It doesn't really matter to me whether the actor I choose for my films is a star or not," filmmaker Buddhadeb Dasgupta said recently, taking a deep sip of black tea in a coffee shop in Toronto.
"What is important to me is that the actors bring my characters alive in a sensitive way."
His newest film, the enchanting but tragic Swapner Din (Chased By Dreams), starring Prosenjit Chatterjee, Rimii and Raima Sen, was a major attraction at the 29th edition of the Toronto International Film Festival.
"Prosenjit is the biggest actor in Bengali films," Dasgupta continued. "But he has been asking me for many years for a role in my film. However, till I wrote the story of Swapner Din, I could not visualise him in my films."
Prosenjit plays a troubled government employee, Paresh, with a little secret that we get to know in the middle of the movie.
"Each person in the film has a dream and a sort of destination. I wanted actors who can make these characters and their conflicts real," Dasgupta said.
Two years ago his Mondo Mayer Upakhyan (Naughty Girl) was one of the most acclaimed films at Toronto. The film could be released in North America by the end of this year.

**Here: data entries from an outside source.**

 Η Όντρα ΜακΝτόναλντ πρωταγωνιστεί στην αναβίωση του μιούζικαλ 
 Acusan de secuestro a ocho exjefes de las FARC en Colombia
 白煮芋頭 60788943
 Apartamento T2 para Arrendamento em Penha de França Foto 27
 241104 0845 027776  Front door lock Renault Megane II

Chased By Dreamsis scheduled to be released in India during the Durga Pooja holidays. The Museum of Modern Art in New York, which has slated a festival of major directors from across the world, plans to show the film in December.

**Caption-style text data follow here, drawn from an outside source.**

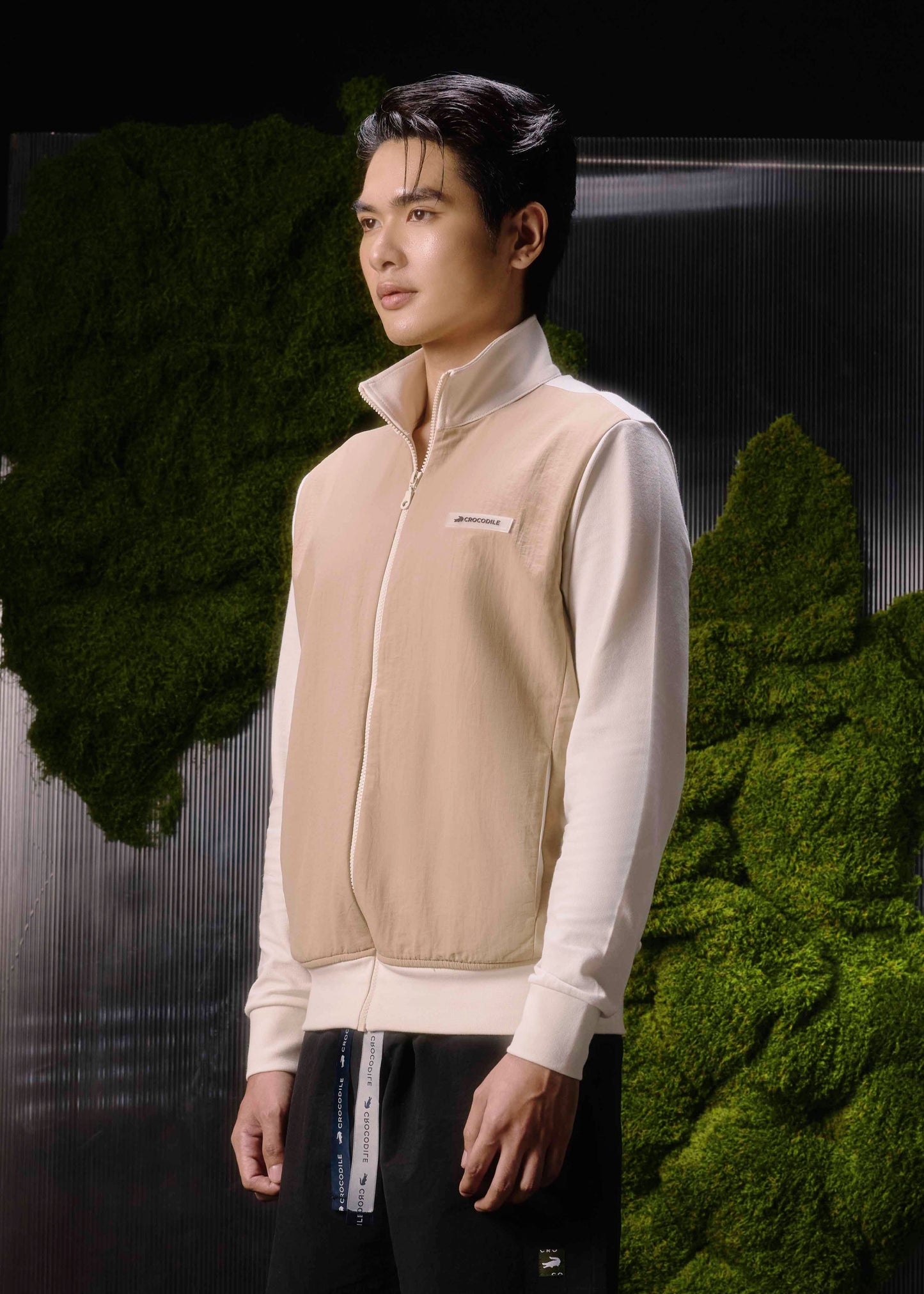 BEIGE CUSTOM FIT JACKET WITH ZIP OPENING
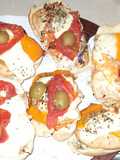 Bruschettas con salsa de atún verduras y cheddar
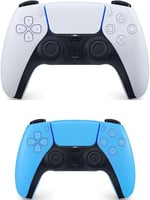 Deux manettes PS5 blanches et bleues, en excellent état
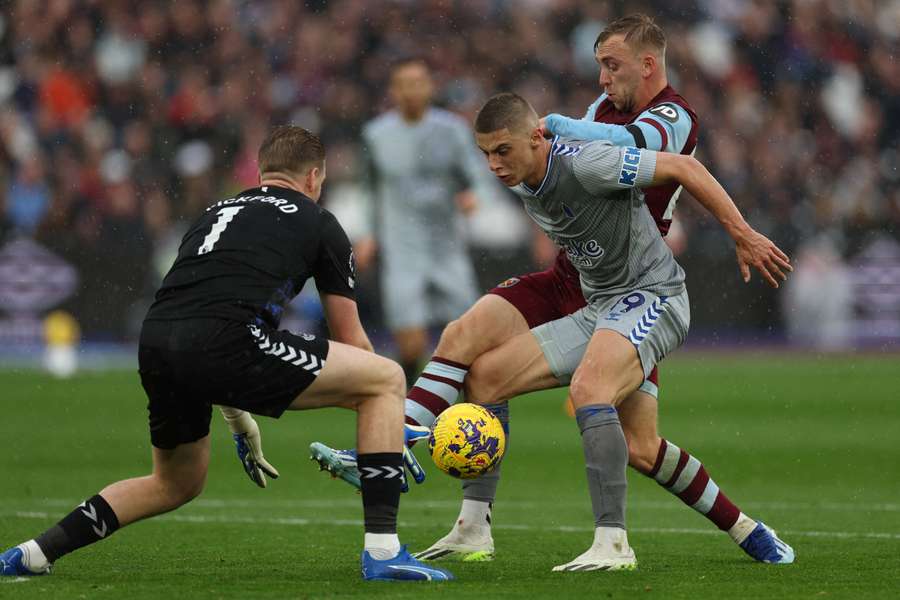 Everton's Ukrainian defender #19 Vitaliy Mykolenko (2R) shields the ball from West Ham United's English striker #20 Jarrod Bowen (R)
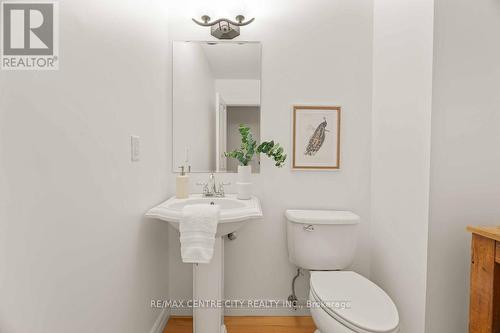 673 Woodcrest Boulevard, London, ON - Indoor Photo Showing Bathroom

"The only problem I had because of the stars in Swapner Din was the huge number of people who turned out to see the shooting," Dasgupta smiles. But he is not complaining, he quickly added, though several times the shooting had to be delayed by couple of hours. "To many people, it must have been one of the most exciting days in their lives."
The movie is produced by Jhamu Sughand, whose hits include Hum Dil De Chuke Sanam. He was also the executive producer on Deepa Mehta's critically acclaimed Earth 1947.
"He is a remarkable producer," Dasgupta, who produced his first four films, including Dooratwa in 1978, says. "He had admired many of my films, and like any good producer with a strong esthetic sense, he let me make my own film."
Though Swapner Din has tragic incidents at its end, there is also a sort of happy ending when Paresh enters into a dream-like world.
While the exquisite performances by the lead characters bring a great amount of charm, Dasgupta's smooth narration is also aided by a lingering but unobtrusive score by his brother, Biswadeb Dasgupta, and Venu's fluid camerawork that captures the grim and lush realities of rural Bengal.
"When one has a good script and a very good team of technicians including the cinematographer, editor (Rabinranjan Maitra) and a composer who understands instinctively what I want," Dasgupta says, "we have to make a very good film."